The former education minister, now mayor of Pau, gave Macron a boost in the polls in February when he decided to join the former banker's ranks, sealing an alliance. Many observers have speculated that this might mean a ministerial role for Bayrou, who founded his own Democratic Movement (MoDem) in 2007.
The self-proclaimed "man of the soil" -- a father of six and practising Roman Catholic who married at age 20 -- also breeds racehorses at his ancestral home in Borderes in the southwest of France.
Jean-Yves Le Drian
President Francois Hollande's defence minister is Macron's biggest catch in the Socialists' ranks. The 69-year-old is one of the few popular members of Hollande's government after overseeing operations against Islamist militants in West Africa and engineering a boom in French arms exports. In the latter role, he managed what had eluded his predecessor: selling Rafale warplanes to three countries.

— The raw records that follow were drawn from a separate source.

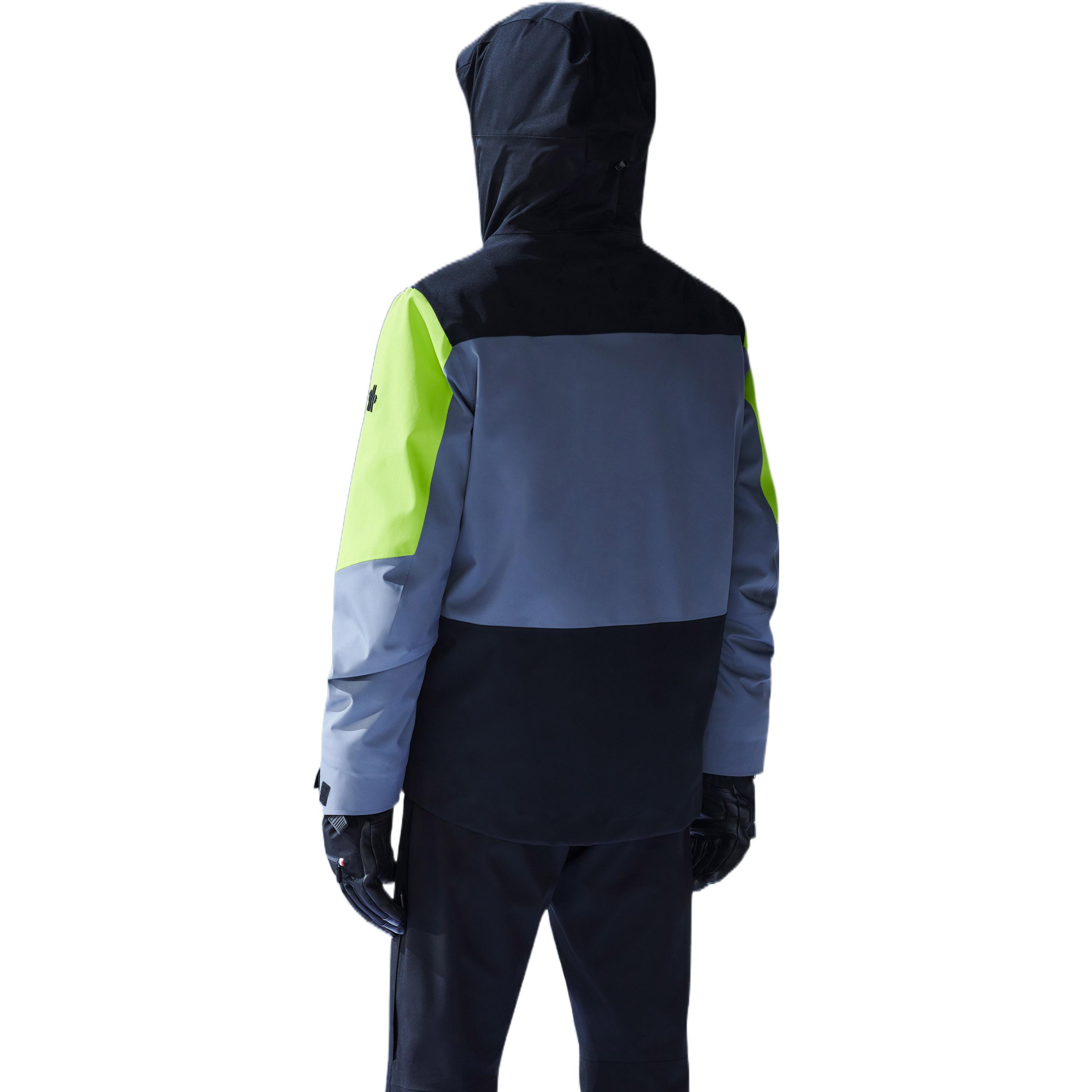 Moncler Grenoble FW22 Cerniat Green Hooded Puffer Jacket  Winter Coat. H20971A00035M1815P29 圖 3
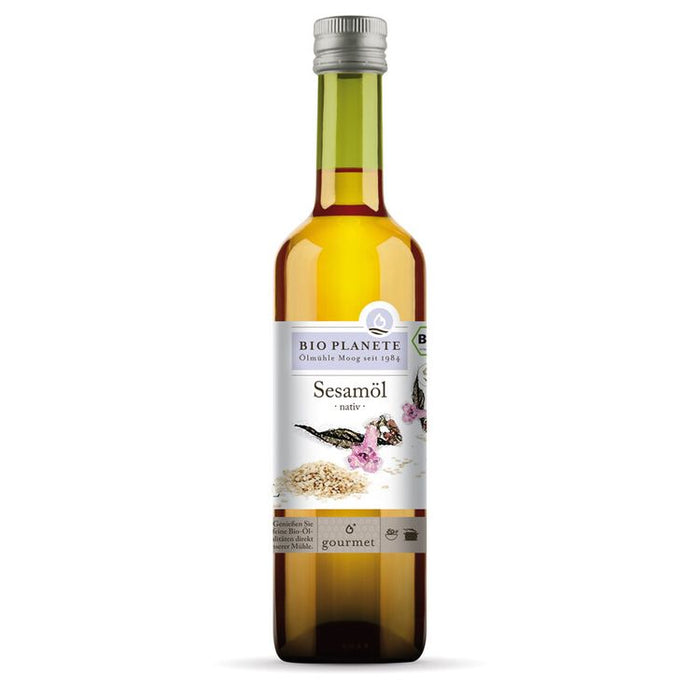 BIO PLANÈTE - Sesamöl nativ, 0,5l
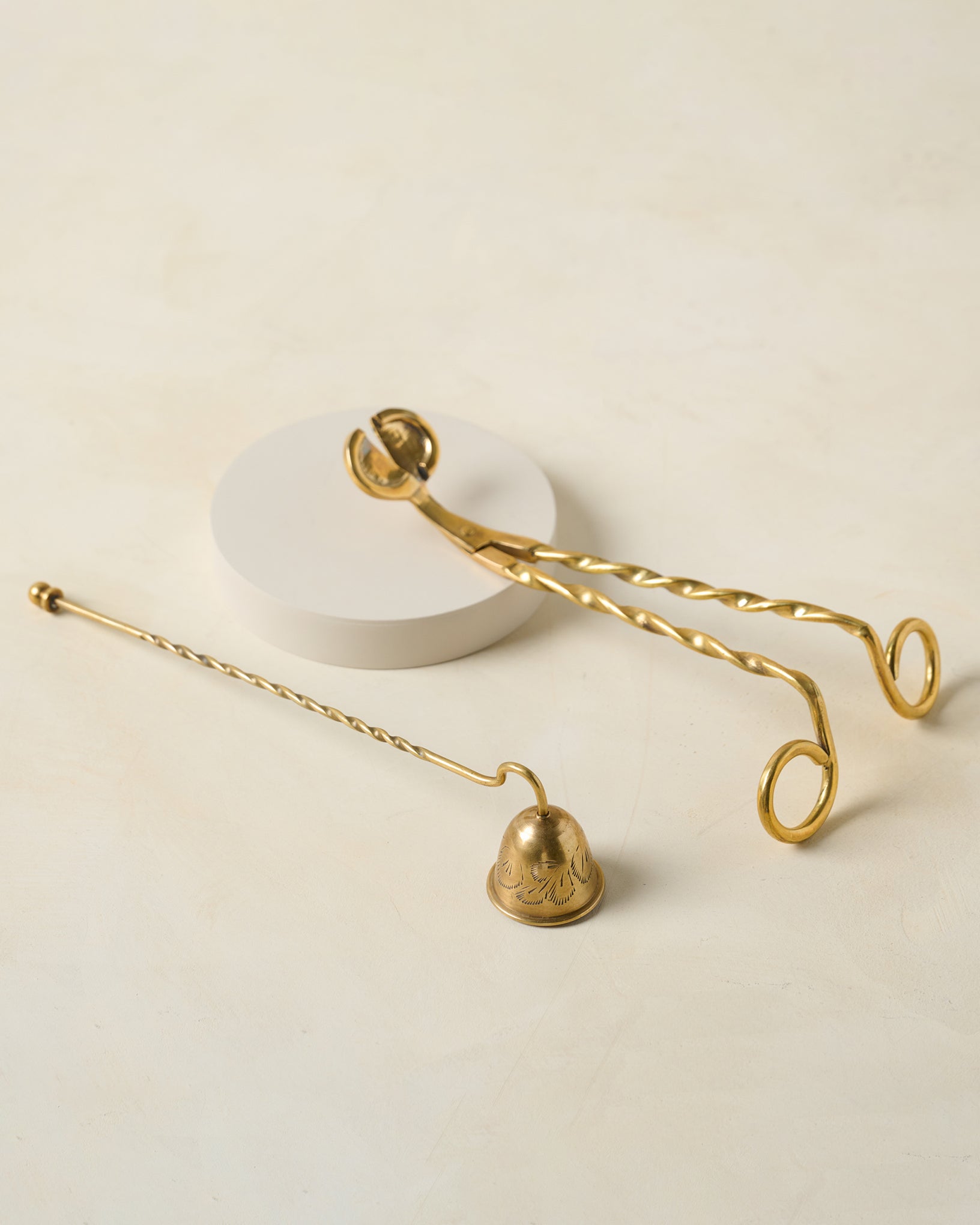 Vintage Inspired Wick Trimmer and snuffer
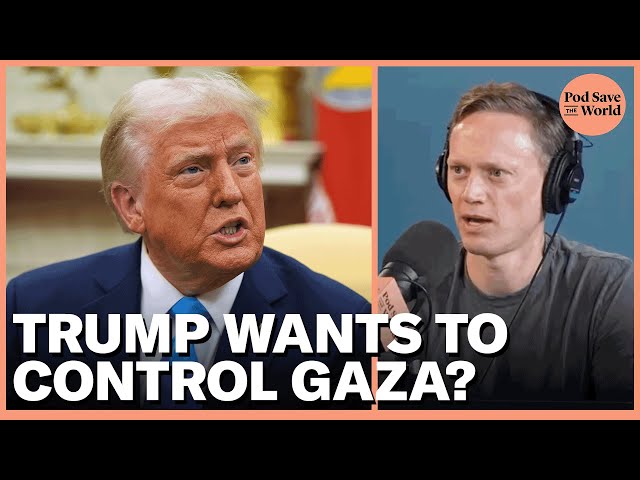 Donald Trump Adds Gaza to List of Territories He Wants U.S. Control Over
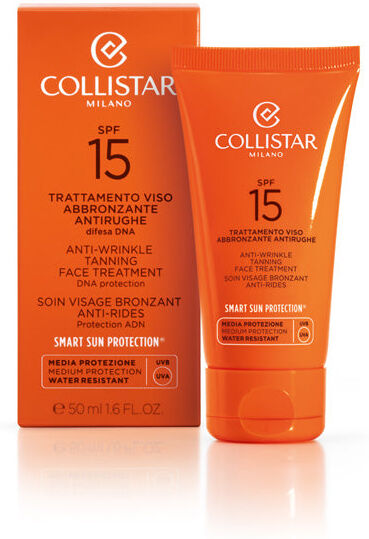 Collistar Trattamento viso abbronzante antirughe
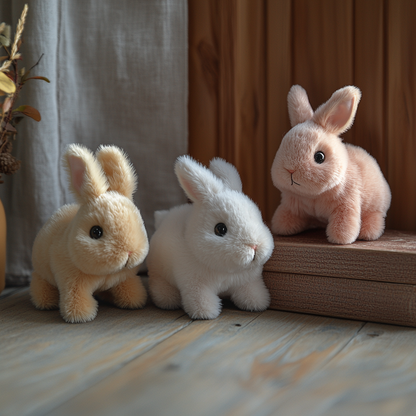 Bunbytoy- My Realistic Bunny Toy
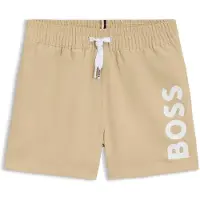 BOSS J52069 Swimming Shorts Beige 3 Years Garçon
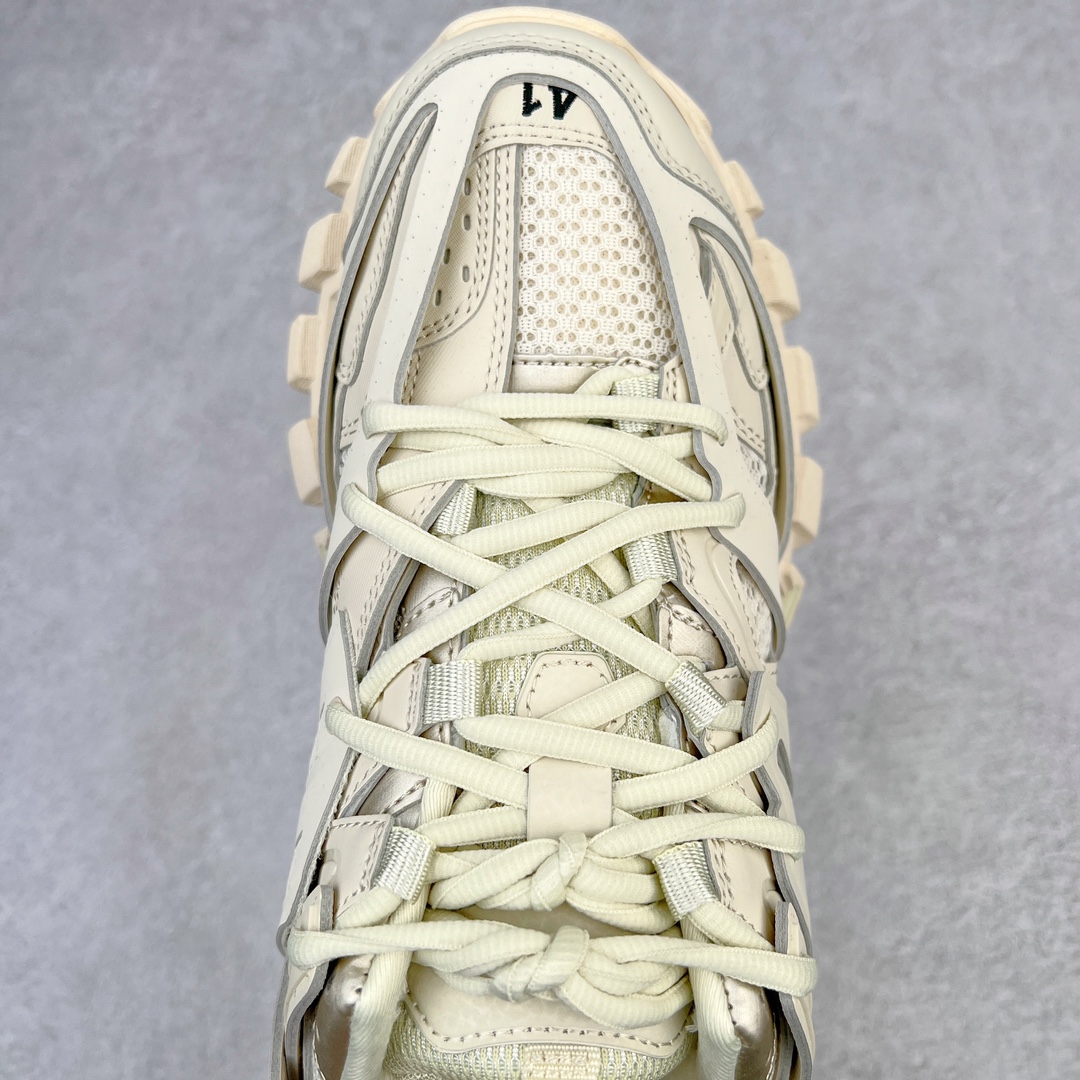  Balenciaga 巴黎世家 Track 1.0  舒适百搭 老爹鞋 运动 复古板鞋 休闲鞋 男鞋 女鞋  米黑色 542023W2LA29110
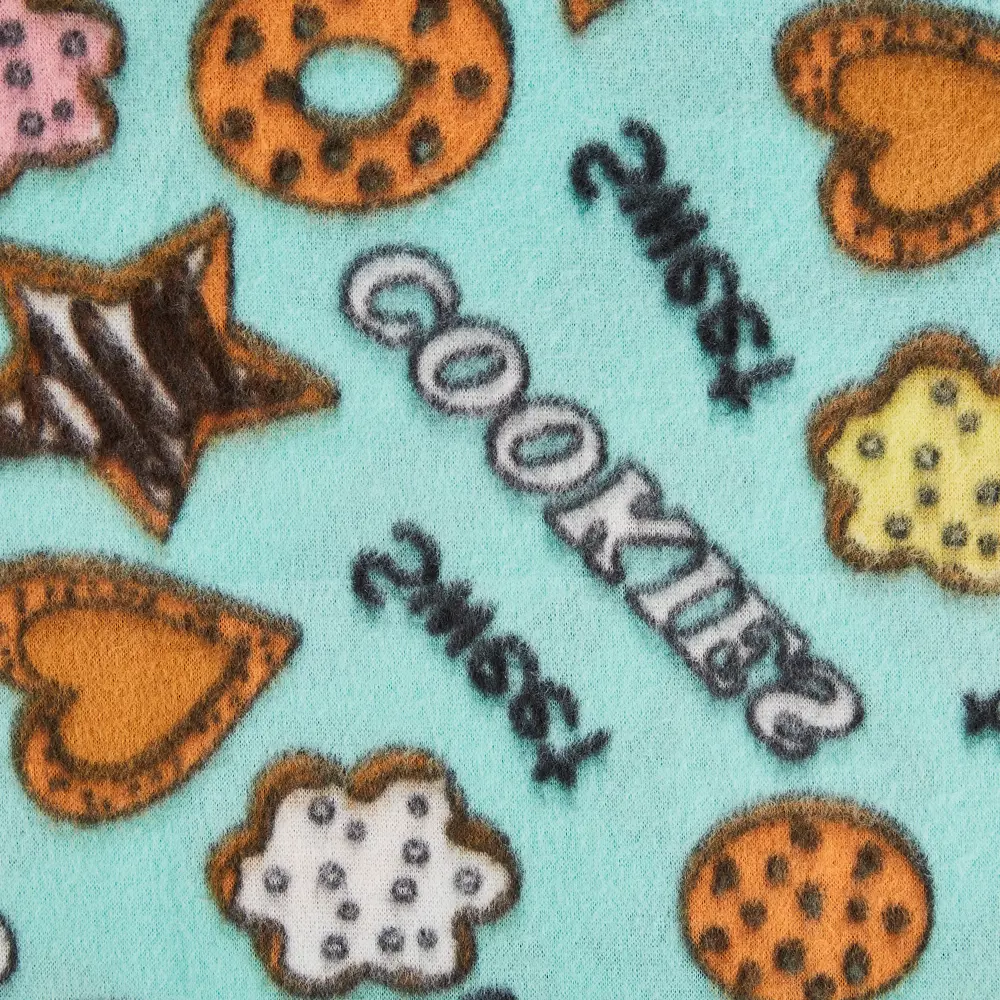 Плед Вкусняшки 130x170 см флис цвет разноцветный Ardenza Детство STLM-2163673 - Вид №1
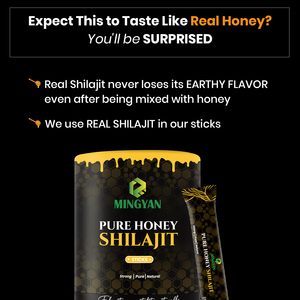 OEM/ODM Organic Himalayan Shilajit Honey <b>Sticks</b> Natural Royal Honey <b>Stick</b> Saffron Antioxidant Immune Support Herbal Supplement - Product Image 6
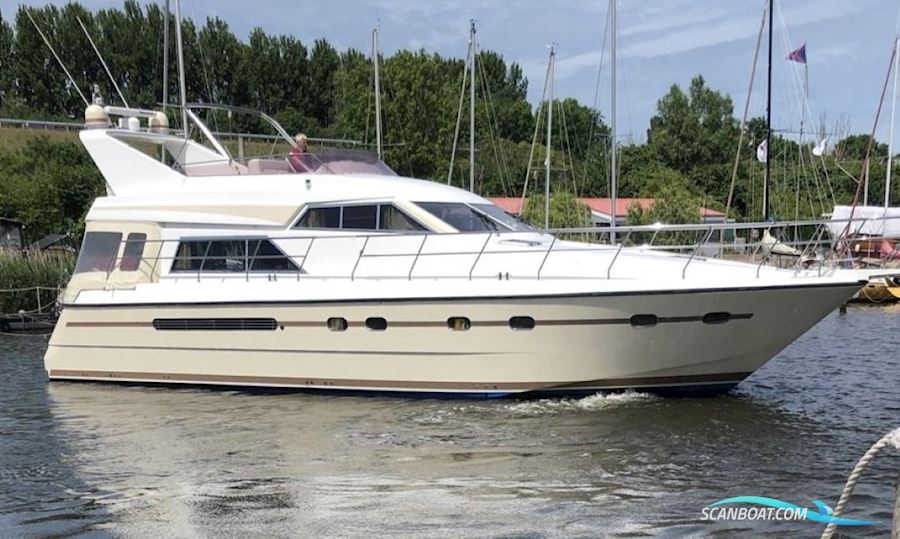 Neptunus 156 Fly Motorboot 1994, mit Iveco Aifo 8281 motor, Deutschland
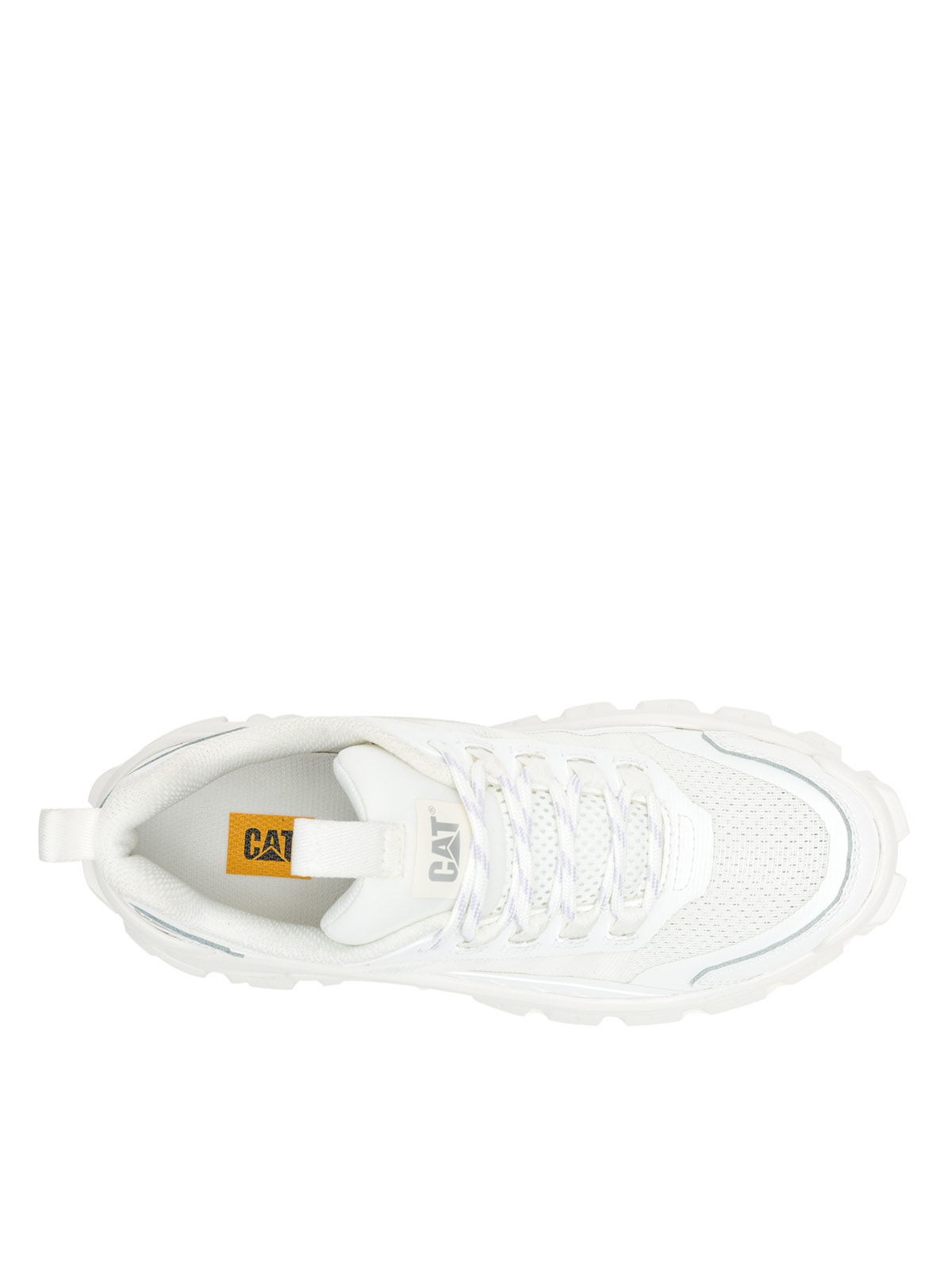 ZAPATILLA INTRUDER LIGHTNING MESH MUJER EN COLOR BLANCO CAT - 7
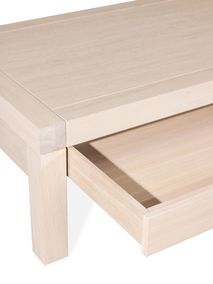 Salontafel met lade PETRA - Romantic White C-CRE-1-ST1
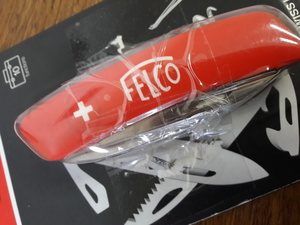 Kapesní švýcarský nůž - FELCO 505 - rozbaleno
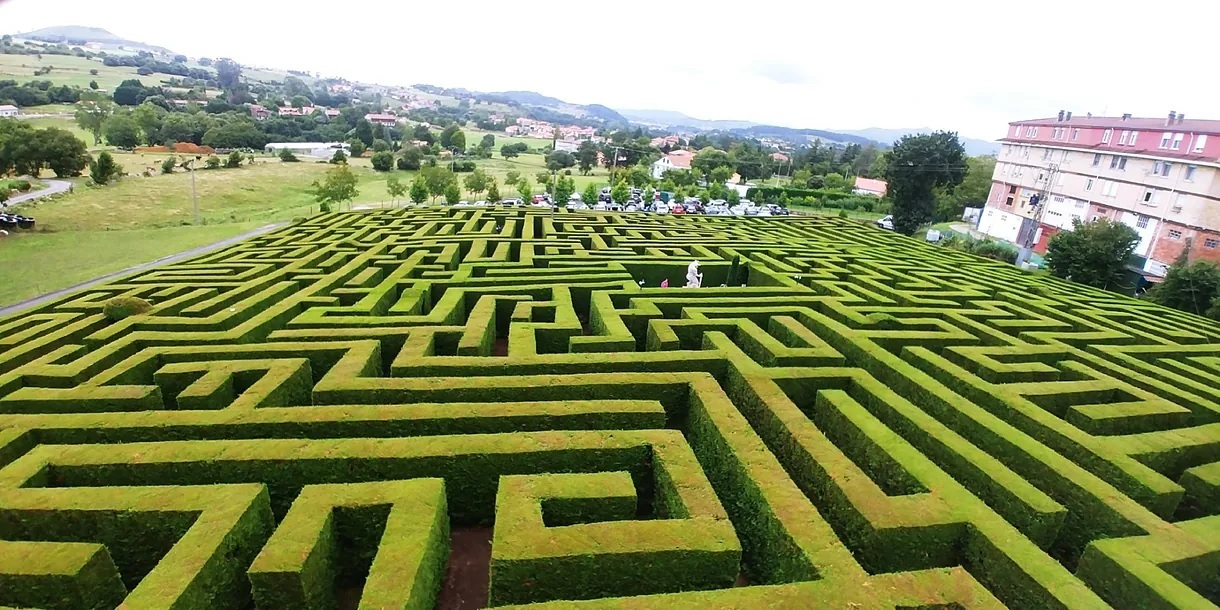 Villapresente Labyrinth.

Le Drian has said he wants to focus on his native Brittany region rather than join the young centrist's government, but could serve as an adviser and intermediary with Gulf and African countries.
Brigitte Macron
Macron met his future wife when he was 16, when she became his drama teacher at his Jesuit high school in the northern city of Amiens. She was 24 years older, and married with children.
Their unusual marriage has received intensive coverage from glossy magazines.
She has regularly appeared on the campaign trail with him and is known to proof-read his speeches and advise him on delivery.
"I should wrap up now, Brigitte is going to say I'm going on too long again," Macron quipped at one recent rally, after speaking for more than two hours.
BEHIND-THE-SCENES ADVISERS
Ismael Emelien - Macron's top political strategist, only 29, was going to found a start-up with Macron in 2014, until Macron was named economy minister by Hollande.
Alexis Kohler - Macron's former chief of staff at the Economy Ministry, a potential chief of staff at the Elysee Palace.
Julien Denormandie - Deputy secretary-general of Macron's "En Marche!" movement, in charge of organising its network of grassroots supporters.
Clément Beaune - Became Macron's Europe adviser when Macron was economy minister, and has continued in the role since Macron quit, shadowing him during meetings with British Prime Minister Theresa May and Merkel this year.
Sylvain Fort - Macron's PR guru and "spin doctor". A big opera fan.